You were replying to my message that mentioned Sakharov. In that message, I was dealing with the naive materialism of another poster.
I thought he was pretty naive too.

I have already explained why this argument is irrelevant. We might as well discuss creativity in sexual perversions, if any creativity is fine by you.
You need to express yourself more clearly, then. When you ask 'How was creativity disallowed in the USSR?' (not 'economic creativity'), you leave yourself open to attack from all quarters.

Nope. The premiere was on 16-Feb-1936.
I never said they were kept off the stage altogether during the 30s.
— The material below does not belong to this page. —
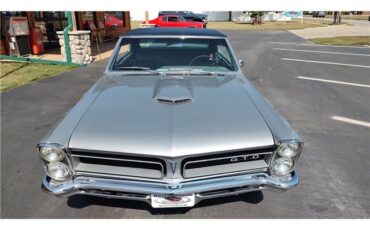 Pontiac-GTO-1965-2-door-coupe-29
Moliere was refused a performance licence in March 1930, and although it did appear in February 1936, it was cancelled on 9 March of the same year. After six years, it lasted three weeks. As with much Soviet censorship in the 1930s, Bulgakov's persecution was largely determined by Stalin's whims. Like a cat with a mouse, really.

Have you actually read them? I have, and they don't impress me all that much. "Adam and Eve" is particularly bad.
Oh, I see, you don't like them. Well, I take it all back. They were rightly suppressed.

What sort of argument is that?

So they were published in the end.
After some thirty years of refusal. That sort of lag hardly makes for a vibrant literary scene, does it?

What about creativity in child pornography? It was the law, get over it.
What is this fixation on sexual deviancy? And what was so odious about Bulgakov's work to make the comparison worthwhile?

She should have chosen better time for that. As if there had not been anything more important for the USSR in 1939-1941, when WWII was raging.
Stalin was particularly busy in that period, what with signing pacts with Fascists and having his fingers in his ears the rest of the time.

Anyway, that's a cheap shot and beside the point. From Tsvetaeva to Berdyaev and the Nabokovs, great people left (or were forced out) in droves. Russia under both Ulyanov and Dzhugashvili was, regardless of its more serious atrocities, a climate deeply hostile to creativity.

Explain what?
The 'ideology' of human rights, perhaps?